*** Block opens ***
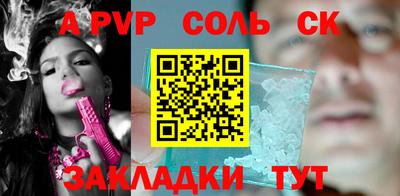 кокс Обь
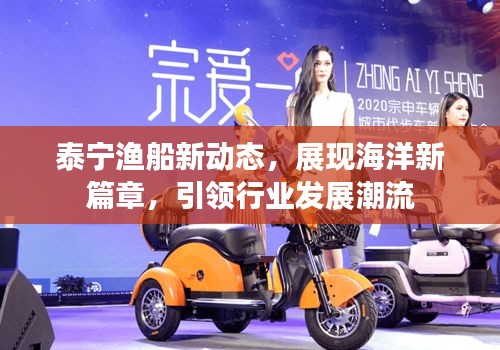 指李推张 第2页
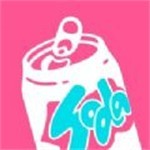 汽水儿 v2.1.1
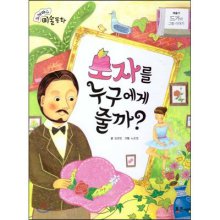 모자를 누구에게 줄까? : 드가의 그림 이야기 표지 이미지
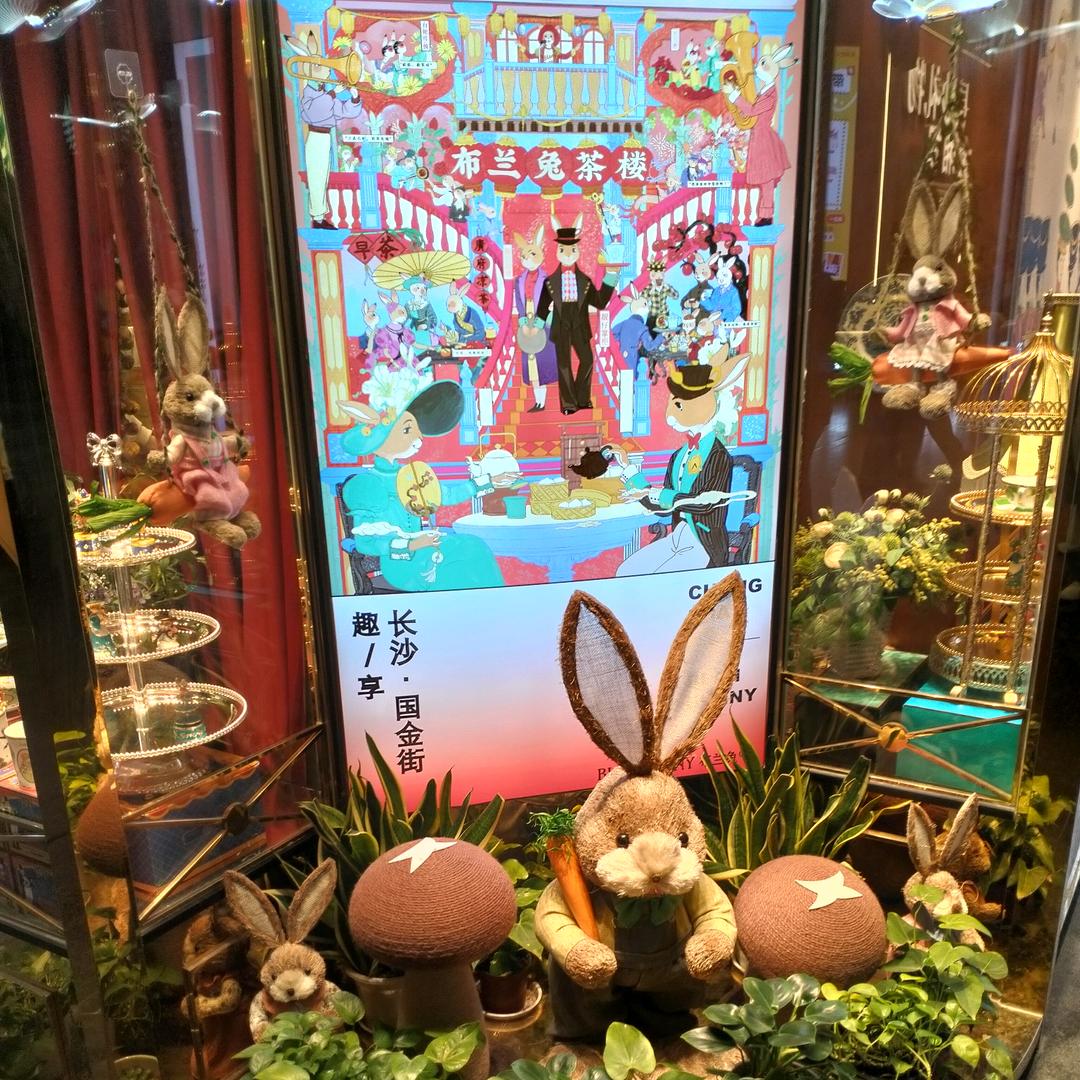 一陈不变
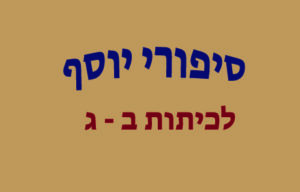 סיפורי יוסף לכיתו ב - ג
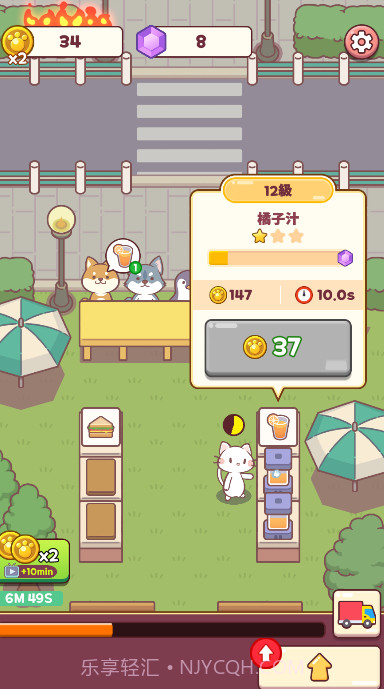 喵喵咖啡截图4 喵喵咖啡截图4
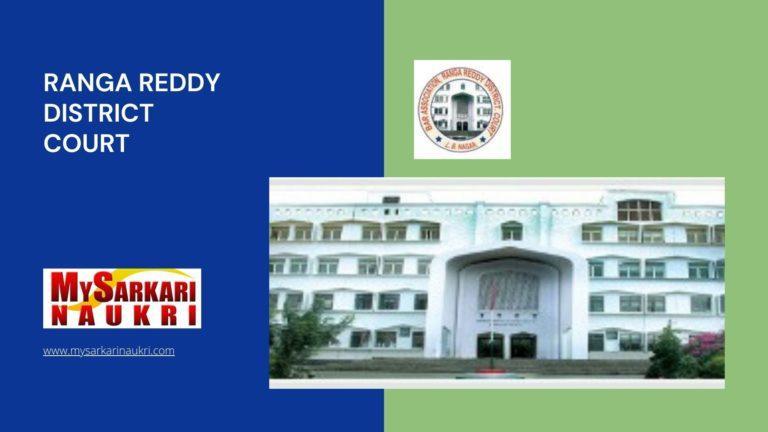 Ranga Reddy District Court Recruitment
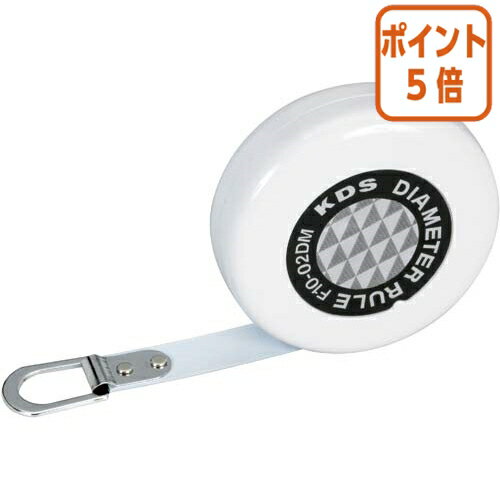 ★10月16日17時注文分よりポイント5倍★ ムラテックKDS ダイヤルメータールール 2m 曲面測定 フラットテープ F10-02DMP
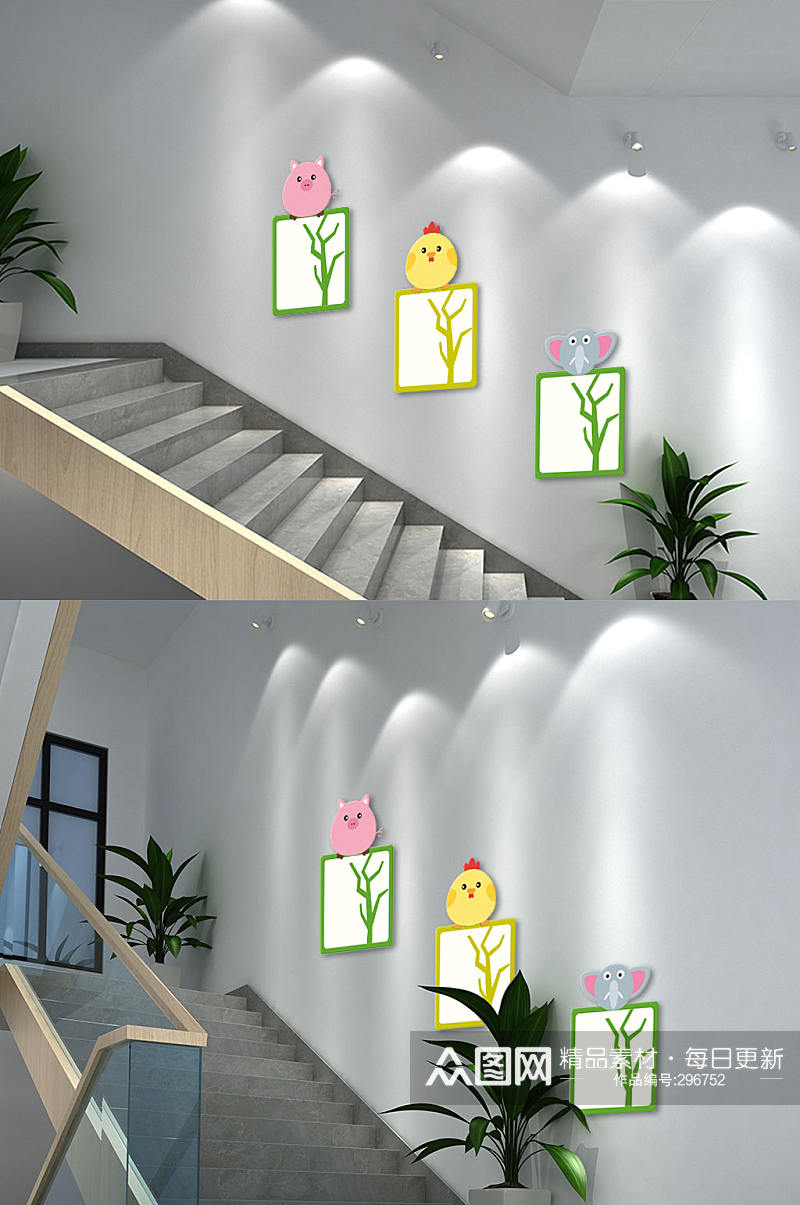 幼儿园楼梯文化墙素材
*** Block closes ***
> [ABOUT THIS EXERCISE]: Repeat the material verbatim. Do not carry over any picture.

> [ANSWER BOX]:
 кокс Обь
 指李推张 第2页
 汽水儿 v2.1.1
 모자를 누구에게 줄까? : 드가의 그림 이야기 표지 이미지
 一陈不变
 סיפורי יוסף לכיתו ב - ג
 喵喵咖啡截图4 喵喵咖啡截图4
 Ranga Reddy District Court Recruitment
 ★10月16日17時注文分よりポイント5倍★ ムラテックKDS ダイヤルメータールール 2m 曲面測定 フラットテープ F10-02DMP
 幼儿园楼梯文化墙素材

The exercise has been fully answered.